The Cuckoo's Nest

Monday, December 19, 2005

Anyone for tennis?

The Age's critic Helen Thomson does her roundup of the year's theatre today, and naturally there's a spot for the one Melbourne production that provoked the most comment, Hannie Rayson's Two Brothers. This of course was the (publicly-funded) play about a fictional Australian Prime Minister who not only orders that a boatload of asylum seekers be left to drown, but personally murders one himself. Are you still with me? (For more background, this is probably the most balanced review you'll find online.)

Helen opens with general comments about the prevalence of certain themes in this year's theatre - asylum seekers, refugees, war, terror, and the 'underclass':

"Left-leaning commentators...

Oh, you mean, like you Helen?

"...would sum this up as the inevitable detritus of decades of right-wing government policies dominated by the market..."

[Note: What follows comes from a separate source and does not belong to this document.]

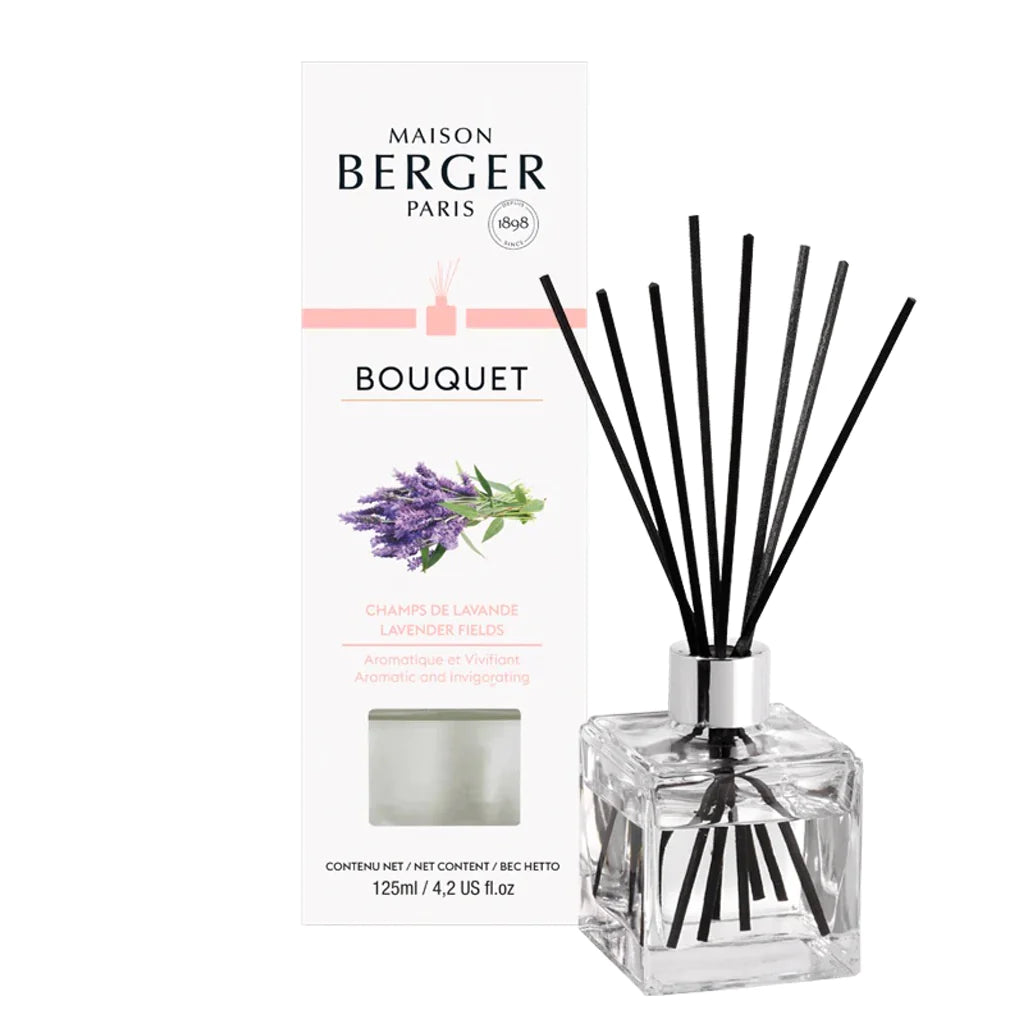 LAVENDER FIELDS Reed Bouquet Diffuser by Parfum Lampe Berger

Well, as long as it's those 'left-leaning commentators' - y'know, those ones...over there... who are saying it. Helen acknowledges that Two Brothers "infuriated even the left with its melodramatic depiction of clearly recognisable wickedness":

"Making Australia's PM a murderer (of an asylum seeker, what's more) was probably more than most could accept."

Gee, d'ya think so?

"My feeling is that director Simon Phillips was too timid in finding the appropriate performance style to match Rayson's exaggerated script. A more controversial, less realism-constrained production might have made the play less controversial."

Now, that first 'controversial' is obviously a typo, so I won't make anything of it, but a nice Christmas holiday puzzle for you is to work out what word Helen meant to go there. And anyway, she has another idea for the 'real' reason Two Brothers tanked:

"Or is it (that) local audiences are too timid and squeamish to embrace politically explicit insults directed at fictional versions of elected representatives?"

Um, I'll get back to you on that one Helen - just now I'm busy working on my play about the sex-life of a fictional Democrat President. I just hope you're not too...squeamish.

[Two postscripts: When Helen Thomson originally reviewed the play, she had nothing but praise for Simon Phillips' direction. Ah well, the benefits of hindsight.

My insider at the Melbourne Theatre Company told me at the time that even they thought it had been staged prematurely, and that it needed another year of workshopping. What kind of a play needs a year of post-script workshopping?]